School of Art, Media, and Technology

Come Join the Launch of the 20th Issue of Shifter at Parson This Saturday!

Written by:

share

image

Launch of the 20th issue of Shifter this Saturday, May 11th in the 5th floor gallery at Parsons.  Join in the celebration!

PROPOSALS FOR AN IMPRACTICAL EDUCATION

A  Joint Book Launch by SHIFTER and Soberscove Press
5-7pm
May 11th 2013
Parsons, 25 East 13th Street, 5th Floor (NYC)

Speakers: 
Corin Hewitt, Riley Duncan, Valerio Rocco Orlando, 
Adelita Husni Bey, Abdullah Awad, Tyler Coburn, Jesal Kapadia, 
Brian McCarthy, Malene Dam, A.K. Burns and Steven Lam

SHIFTER and Soberscove Press are thrilled to invite you to attend a joint book launch, celebrated through a series of short artist presentations entitled Proposals for an Impractical Education.

Soberscove Press is launching a new book titled, Subject Matter of the Artist: Robert Goodnough, 1950-1965. This volume presents a collection of writings and interviews by Goodnough that address the challenges faced by 1950s Abstract Expressionist artists in articulating their intrasubjective, non-referential subject matter. An earlier Soberscove publication, Artists’ Sessions at Studio 35 (1950), reprinted the transcripts of a series of meetings in which these artists discuss and attempt to construct a discourse around their practices.

SHIFTER is launching its twentieth issue titled, What We Can Knot. This issue takes the form of conversations between artists who discuss their intertwined professions as art practitioners and art educators. Here too artists, in conversation, attempt to take apart the institutional construct of formal art education in order to discuss the many complexities of art-making and meaning making, and their intersection with the protocols of educational institutions.

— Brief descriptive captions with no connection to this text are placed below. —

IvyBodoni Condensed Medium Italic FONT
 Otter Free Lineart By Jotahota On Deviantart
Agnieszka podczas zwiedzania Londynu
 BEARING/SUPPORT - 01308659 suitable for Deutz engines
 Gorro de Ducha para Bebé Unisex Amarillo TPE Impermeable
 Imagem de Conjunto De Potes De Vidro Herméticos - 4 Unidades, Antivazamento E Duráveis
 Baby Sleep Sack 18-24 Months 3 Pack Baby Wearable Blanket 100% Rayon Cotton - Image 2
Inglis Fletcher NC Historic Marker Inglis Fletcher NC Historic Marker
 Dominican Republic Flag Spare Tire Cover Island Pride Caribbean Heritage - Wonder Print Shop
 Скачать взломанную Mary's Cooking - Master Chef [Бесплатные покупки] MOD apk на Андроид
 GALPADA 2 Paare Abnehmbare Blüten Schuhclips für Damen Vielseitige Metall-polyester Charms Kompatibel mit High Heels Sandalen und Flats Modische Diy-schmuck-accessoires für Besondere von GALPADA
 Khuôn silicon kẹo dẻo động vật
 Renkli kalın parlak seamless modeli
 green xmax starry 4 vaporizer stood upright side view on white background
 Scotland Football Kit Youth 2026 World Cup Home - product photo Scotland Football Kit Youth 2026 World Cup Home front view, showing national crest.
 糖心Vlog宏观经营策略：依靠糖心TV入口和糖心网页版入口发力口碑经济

Proposals for an Impractical Education will unravel as a series of short presentations by artist/educators reflecting on the challenges of constructing a dialogic, non-hierarchical model for art education. In challenging the aim of art education as being to “professionalize” the art student, we will instead consider pedagogy as a form of critique, which not only loosens the power dynamics between teacher and student, but finally re-imagines the framework of the school itself. These are pressing issues actively discussed by teachers and students alike in a time of unsustainable student debt and the “adjunctification” of university professorship.